# [WHAT THIS TASK INVOLVES]
Please reproduce the data exactly, excluding any pictures it contains.

# [GIVEN MATERIAL]
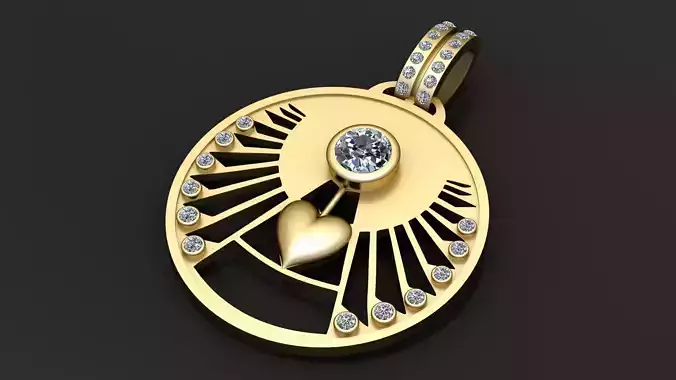 HEART MOON PENDANT 3D PRINTABLE MODLE 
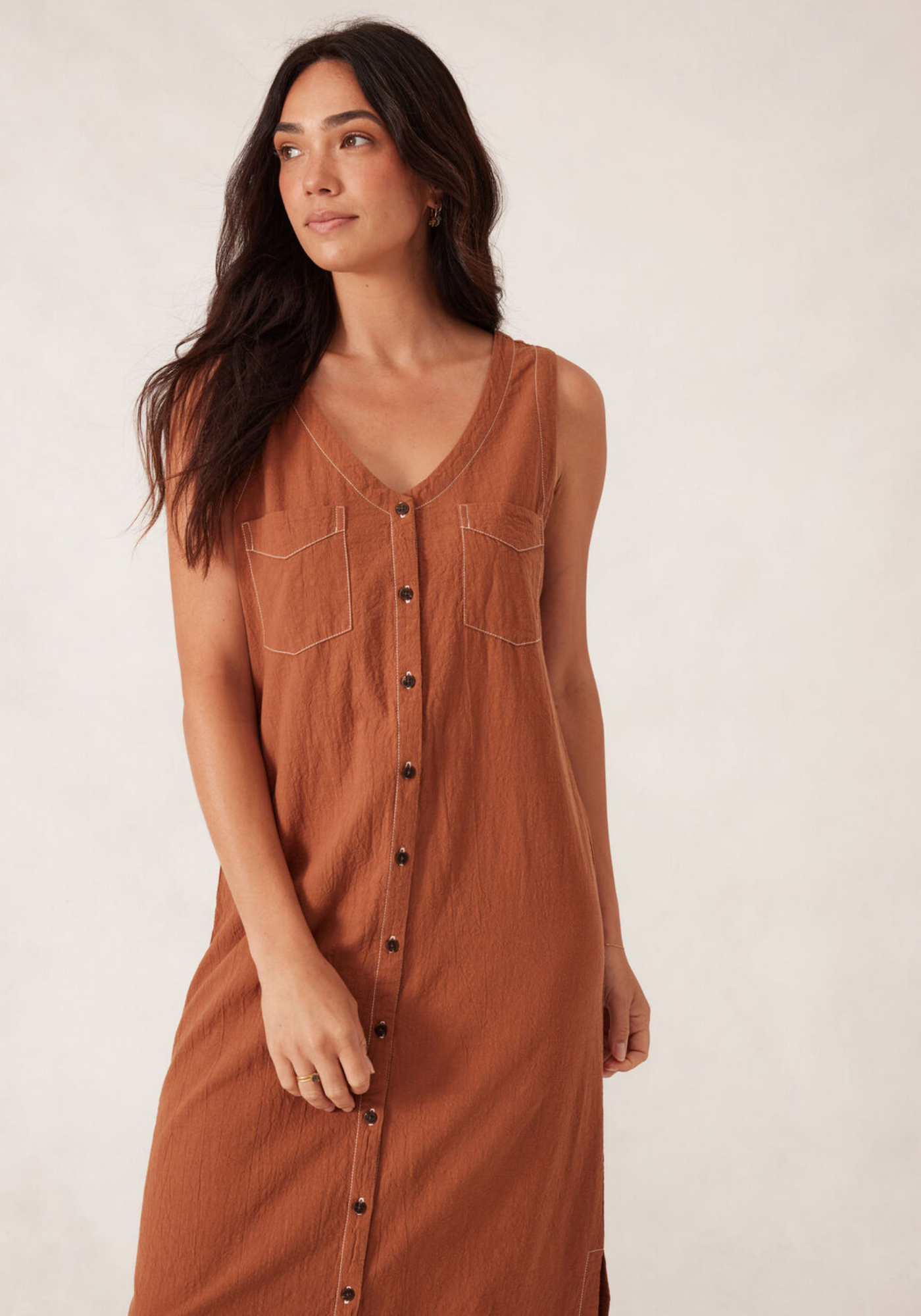 CERES LIFE BUTTON THROUGH MIDI SHIFT DRESS - BURNT CAMEL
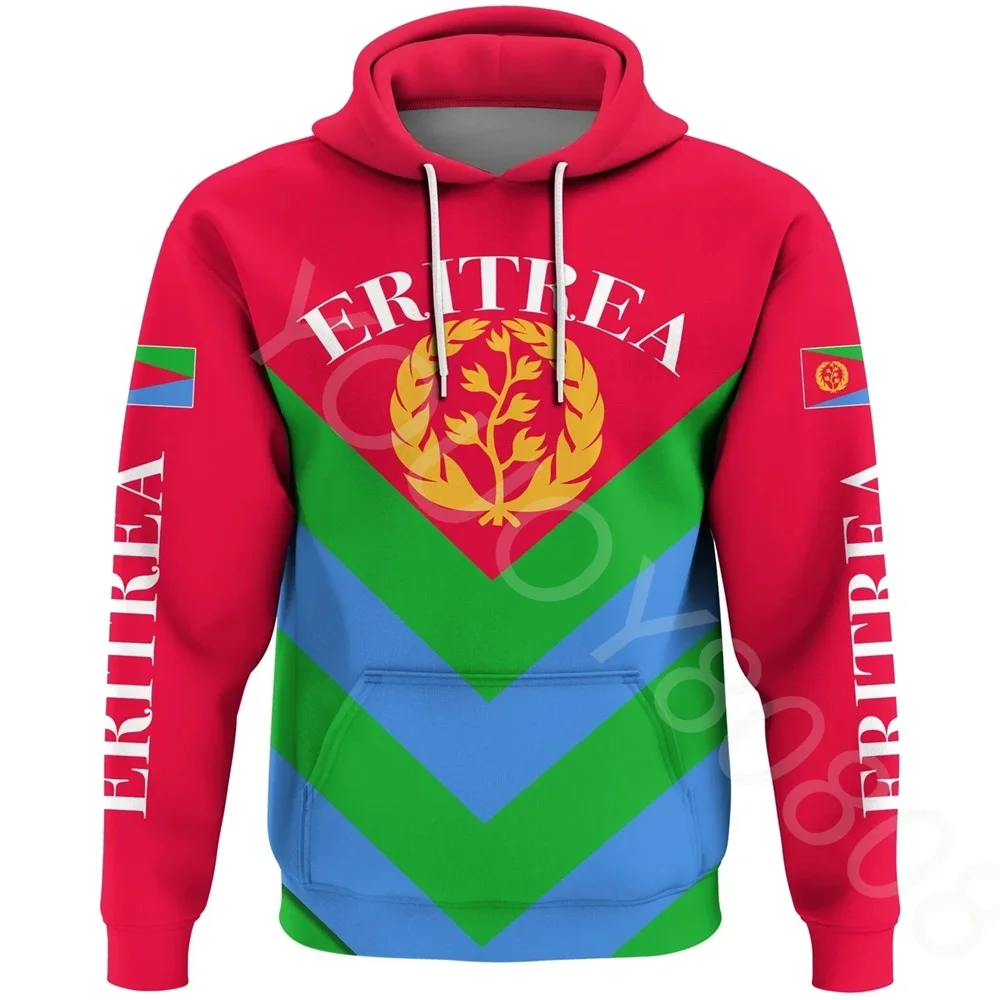 

African Region Men's Sweatshirt Casual Loose Sweater Hoodie Printed Eritrea Flag Special Pullover Street Style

# [TASK RESPONSE]
 HEART MOON PENDANT 3D PRINTABLE MODLE 
 CERES LIFE BUTTON THROUGH MIDI SHIFT DRESS - BURNT CAMEL

African Region Men's Sweatshirt Casual Loose Sweater Hoodie Printed Eritrea Flag Special Pullover Street Style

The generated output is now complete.